I rarely go to them either. I feel a strong pull to go home at the end of the day, and it seems like the receptions are all the same. Maybe I would if I lived closer to campus.

I never went to any of them, except the one put on by my 1L firm after they gave me an offer.

I think they’re an utter waste of time.

I never started. How bad is that? But a friend of mine got an offer — the next morning — from going to a reception. This, mind you, was a big-time BIGLAW firm, and she’s a 1L.

Go figure.

If you’re anything like I was (err, not in the top 10% of your class;), then in my opinion all the smoozing, networking and ass kissing in the world isn’t going to do a damn bit of good.

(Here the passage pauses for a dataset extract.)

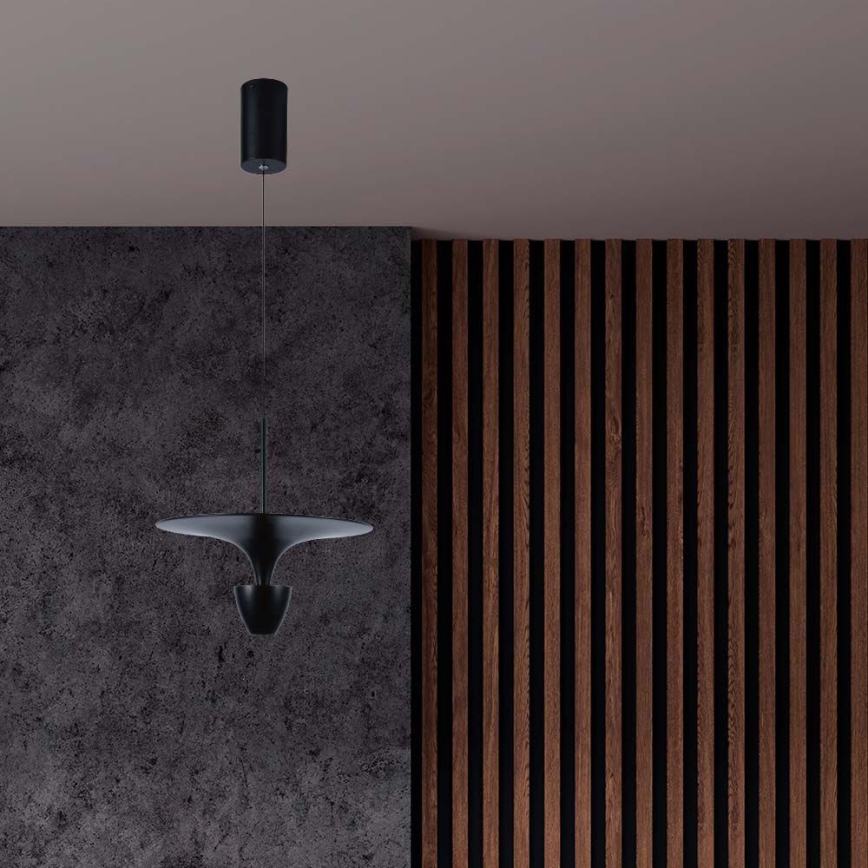 LED luster na sajli LED/9W/230V 3000K, crne boje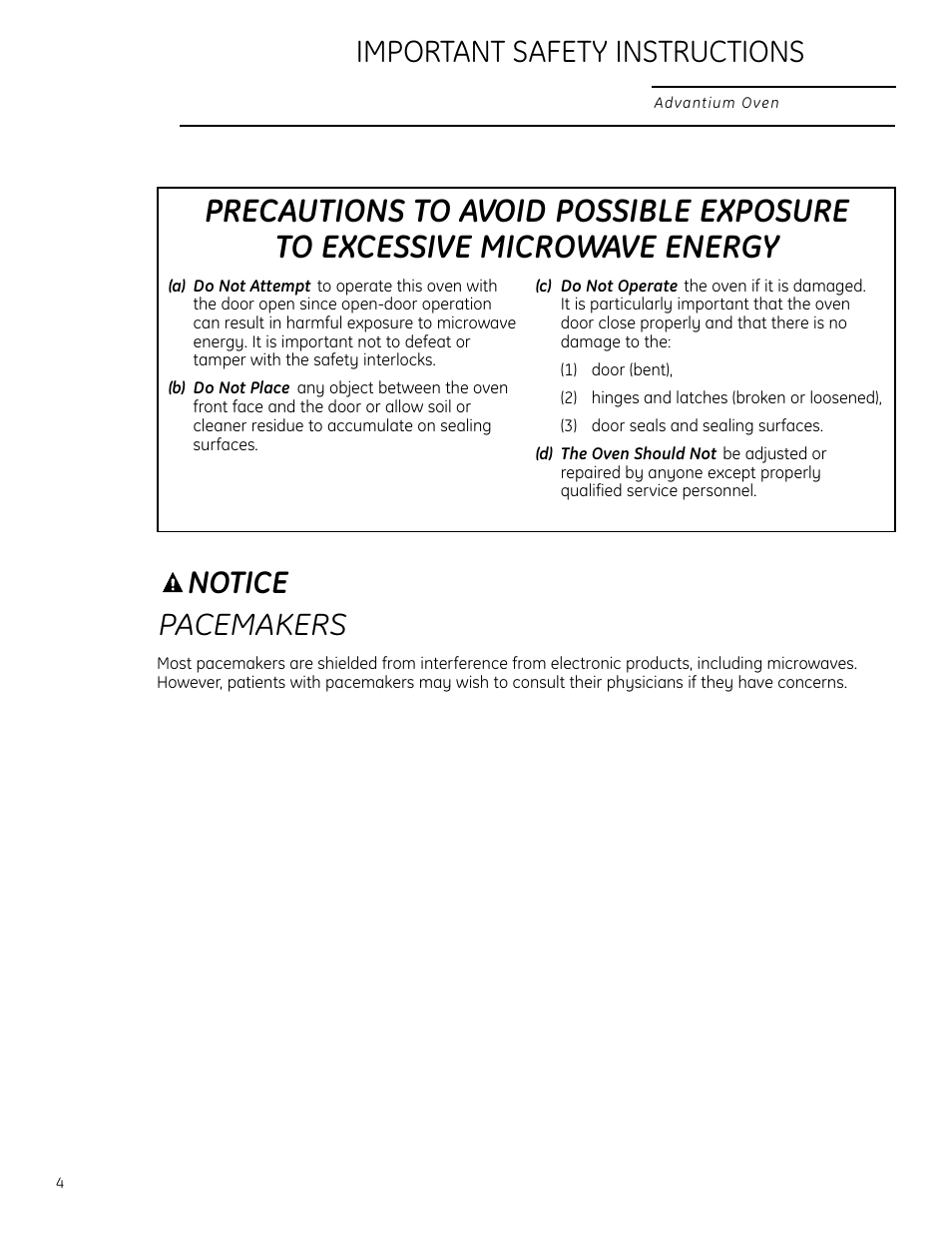 Safety, Safety –9, Important safety instructions notice | Pacemakers | GE Monogram ZSC2200 User Manual | Page 4 / 40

Sure, you’ll get some face time with some potential employers. And, yes, they may give you the requisite “courtesy interview,” but if it ain’t going to translate into a paying job, that courtesy interview is just more time down the drain.

So, go home after class, go to a bar, go out to eat, go to the movies, but don’t screw around with an inordinate amount of networking.

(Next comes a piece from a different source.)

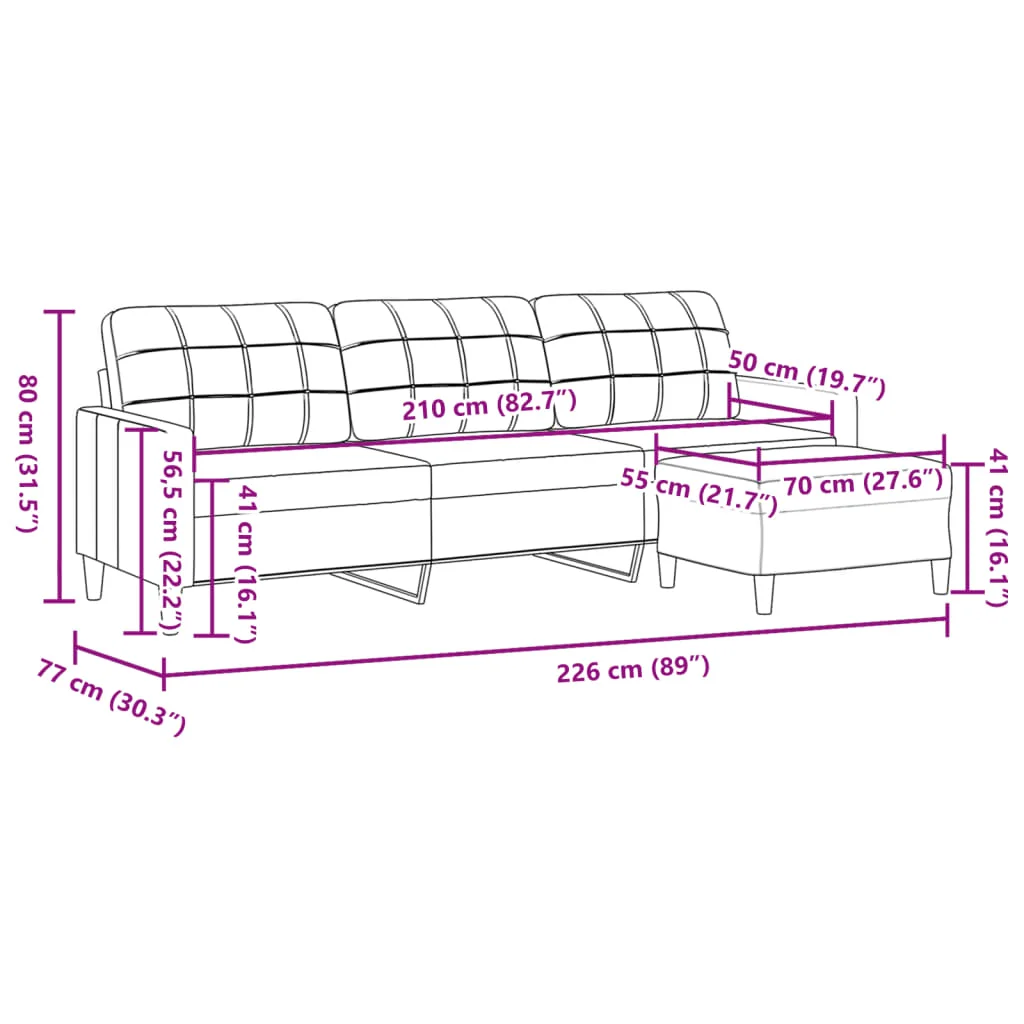 3 személyes sötétszürke szövet kanapé lábtartóval 210 cm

Tom, I’m not sure how the class percentile thing would even make a difference at these receptions. It’s not like I’m showing up with a copy of my transcript; even if they have a resume drop, it’s not like the person I’m chatting with is checking out my resume while talking to me (all the better to evaluate my fitness).

That’s essentially the problem. I find them useless as a networking tool because there’s really no appropriate means of follow-up. They’re just excuses to ply law students with food and drink and convince them that their firm is the best firm of them all.

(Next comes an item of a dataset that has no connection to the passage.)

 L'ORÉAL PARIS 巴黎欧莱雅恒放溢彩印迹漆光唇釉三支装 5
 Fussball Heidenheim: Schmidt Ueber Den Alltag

I just remember going to these things (wasn’t that long ago - late 1990’s) thinking that somehow I could wow the powers-that-be and charm them into giving me a job, even considering my less than stellar academic record. Didn’t work so well for me.

To my mind, at least when it comes to the big time firms, all they focus on is GPA and some of the more elitist extra curricular groups (law review, moot court, trial team). Oh well, as they say, the A students end up working for the C students, but I’m still waiting for that to pan out for me;)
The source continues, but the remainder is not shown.